[PROVIDED DATA]:
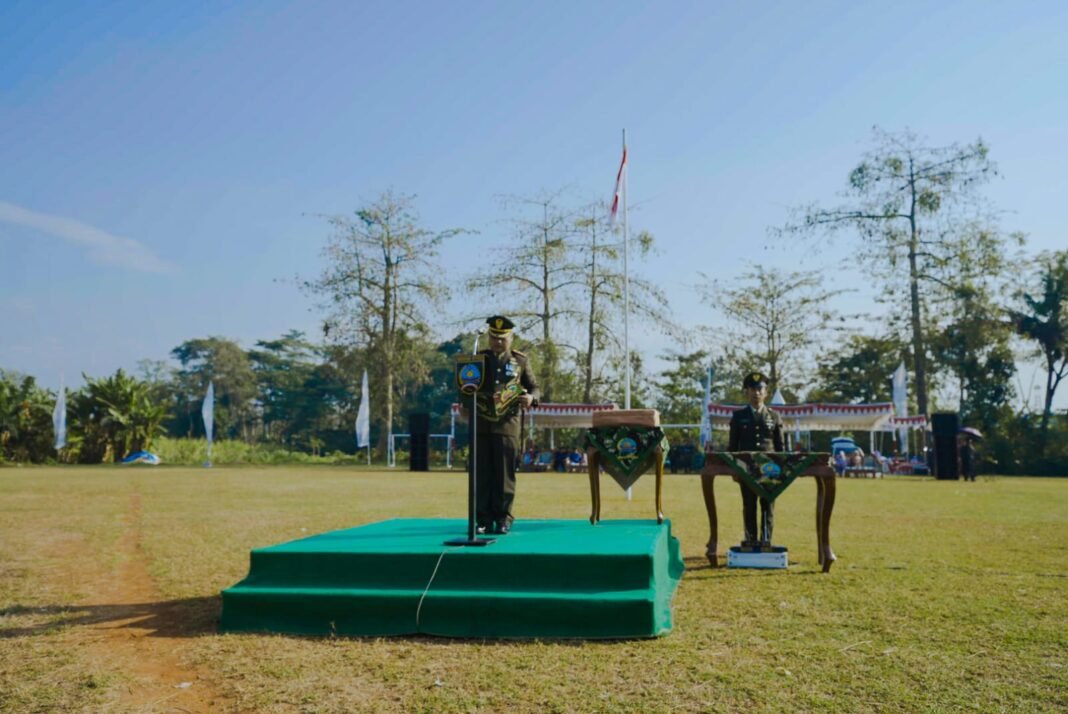Amanat Kemerdekaan dari Dansatgas TMMD di Tengah Program Pembangunan Desa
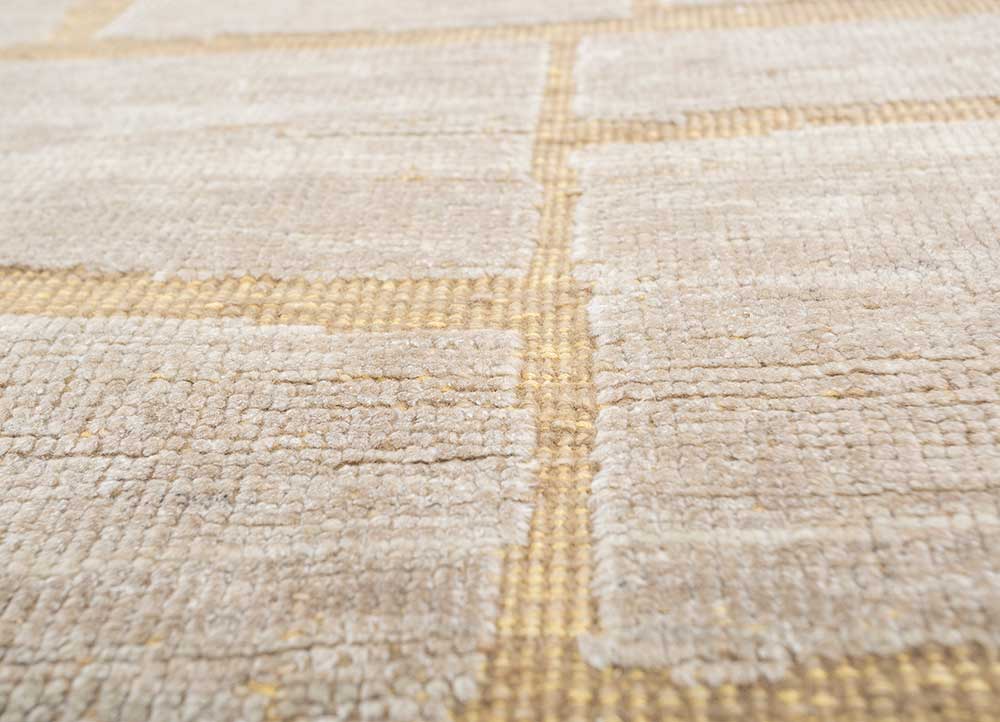 zuri beige and brown wool hand knotted Rug - CloseUp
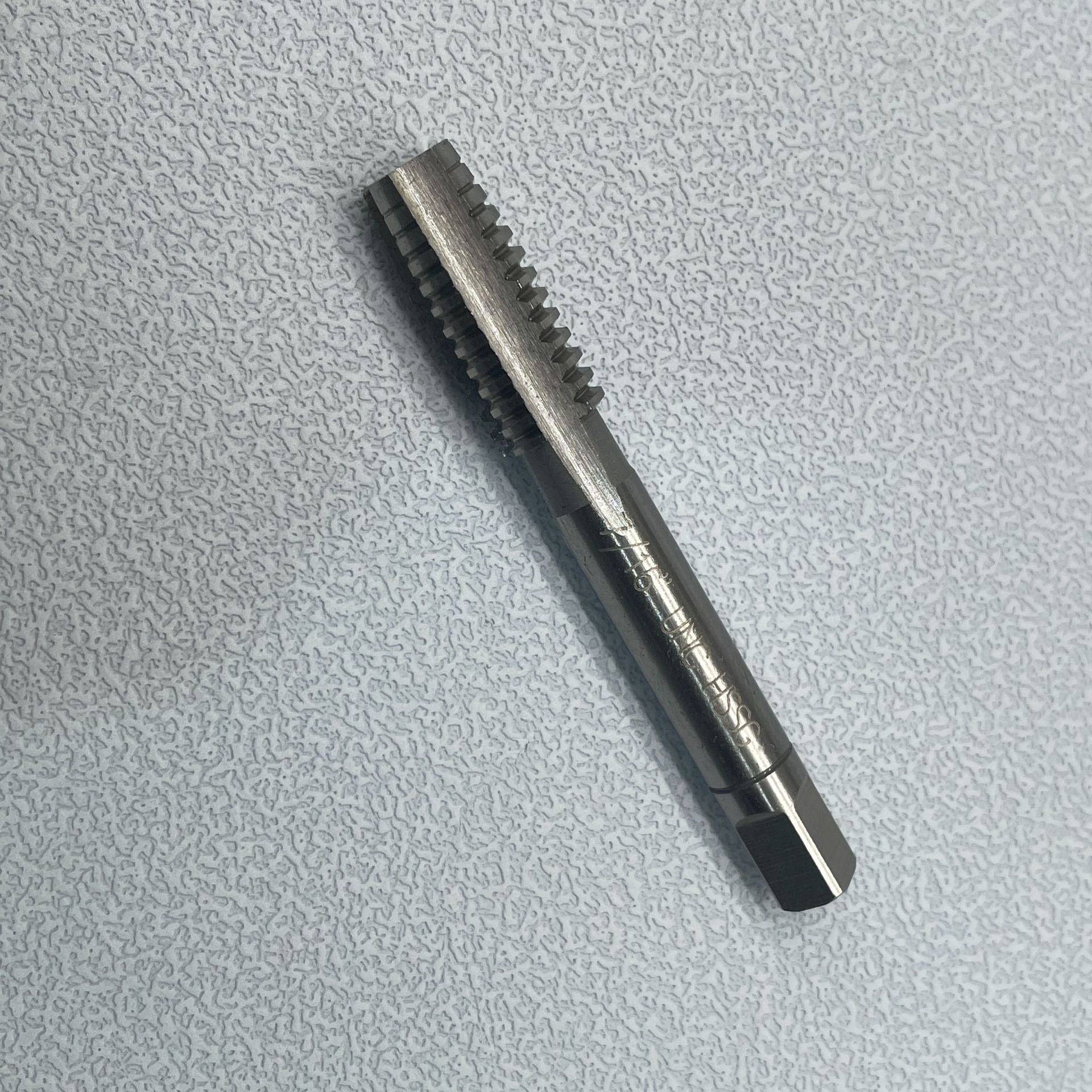 现货手用丝锥HSS M35  DIN352 丝锥三件套（无涂层）尺寸M33*3.5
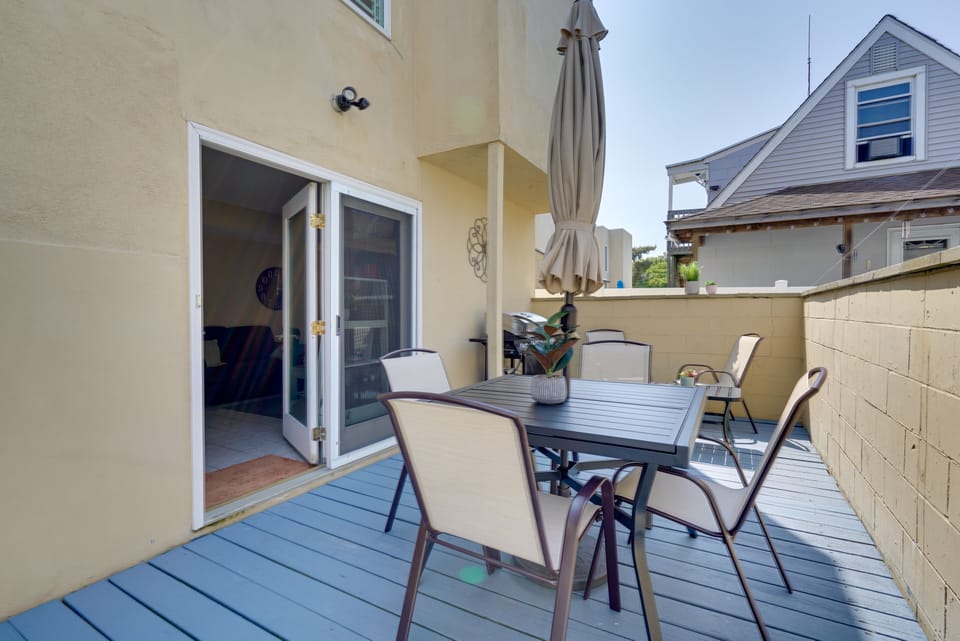 Private Deck | Gas Grill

[REQUIREMENT]: Only the text of the listing above is wanted, transcribed exactly, without its images.

[FINAL ANSWER]:
Amanat Kemerdekaan dari Dansatgas TMMD di Tengah Program Pembangunan Desa
 zuri beige and brown wool hand knotted Rug - CloseUp
 现货手用丝锥HSS M35  DIN352 丝锥三件套（无涂层）尺寸M33*3.5
 Private Deck | Gas Grill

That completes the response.